Fig. 1 UV-vis absorbance (A) and fluorescence spectra (B) of AIECB[7] assemblies. The inset images were taken under white light (A) and 365 nm UV light (B), respectively. (C) Singlet oxygen (¹O₂) generation of AIECB[7] determined by measuring the absorbance changes of ABDA at 378 nm. Typical TEM images and postulated configurations of AIECB[7] assemblies in aqueous solutions at pH = 7 (D and E) and pH = 5 (F and G), respectively. Scale bars: 500 nm.

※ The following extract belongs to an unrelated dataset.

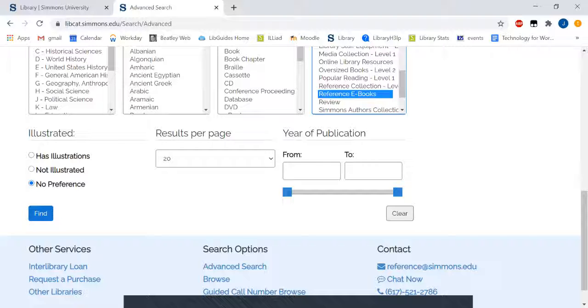Click find to browse many reference ebooks accessible from wherever you are.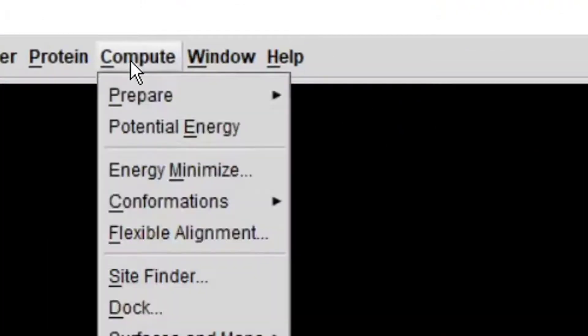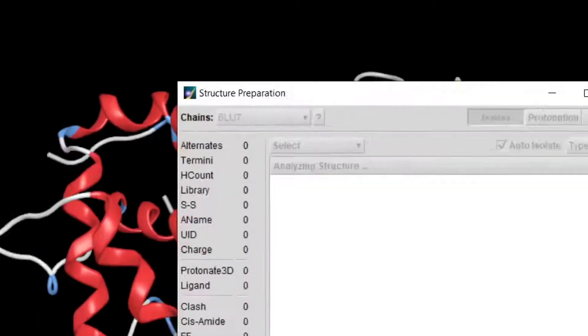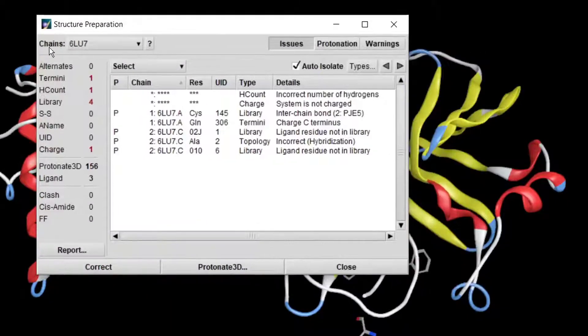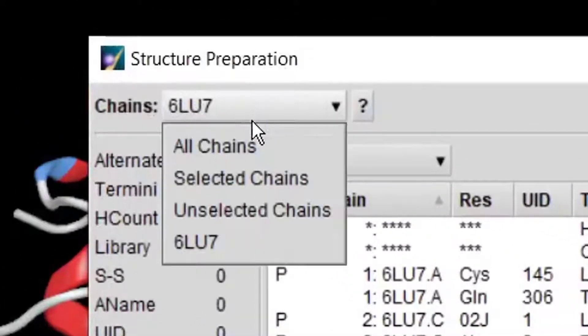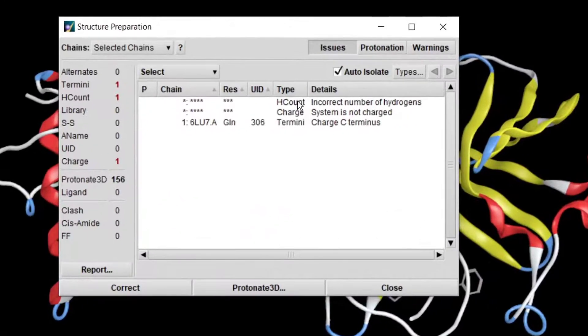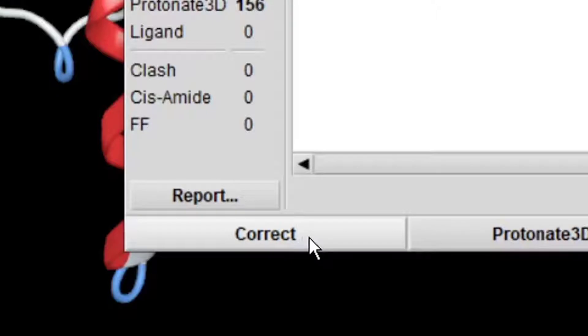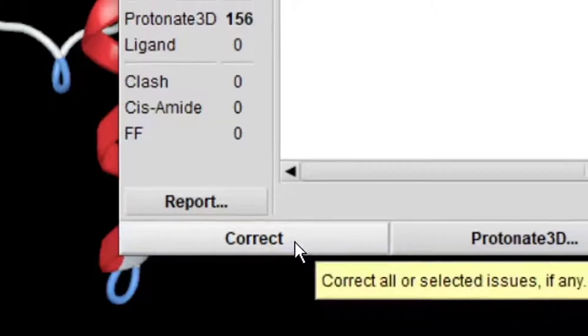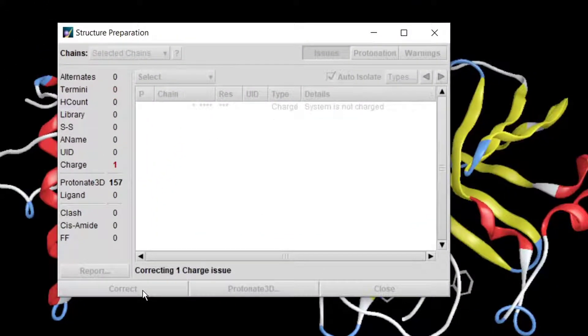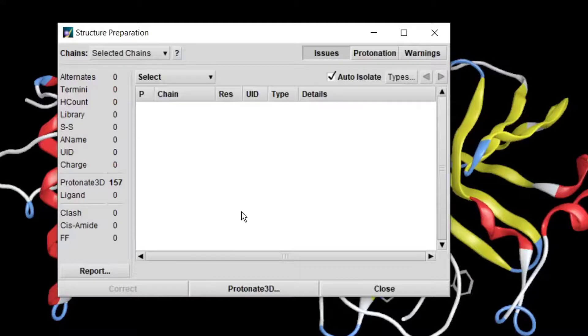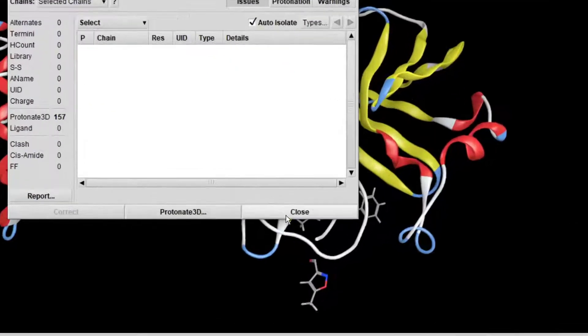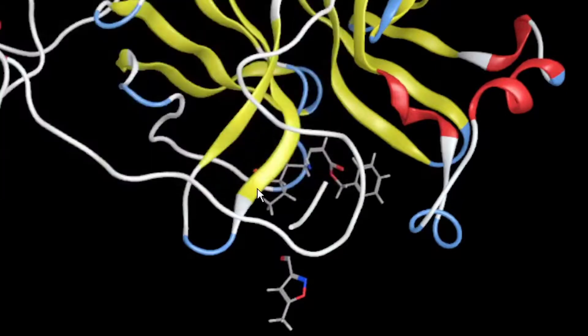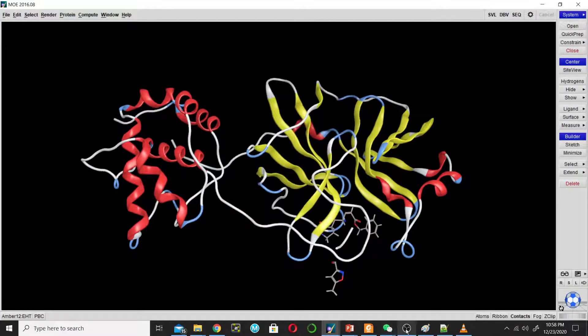Then go to compute, prepare, and structure preparation. Here change it to selected chain. This chain has three issues. Click on correct to solve all issues. Now the structure is free of any issues. Click close. Now we will minimize the structure.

The cellular internalization of AIECB[7] was subsequently studied in A549 cells by taking advantage of its inherent fluorescence. As shown in Fig. 2A and S26,† AIECB[7] was efficiently taken up by A549 cells after incubation at 37 °C for 8 h, and it mainly localized in the lysosome. In particular, AIECB[7] displayed enhanced fluorescence specifically in the lysosome (acidic environment, pH = 4.5–5.5)³⁴ stained with the commercial LysoTracker-Green dye (Fig. 2B). Due to the use of an AIEgen that is resistant to ACQ and resistant to photobleaching, AIECB[7] is expected to exhibit superior subcellular imaging properties than a previous reported CB[7]-dye conjugate.^23,24

Fig. 2 (A) Cellular internalization of AIECB[7]. The cell nucleus was stained with DAPI. (B) Subcellular localization and overlap coefficiency of AIECB[7] and LysoTracker Green in A549 cells. AIECB[7], Exi: 488 nm, and Emi: 565–660 nm; LysoTracker Green, Exi: 488 nm, and Emi: 495–550 nm. Scale bars: 20 μm. The cellular experiments were performed three independent times.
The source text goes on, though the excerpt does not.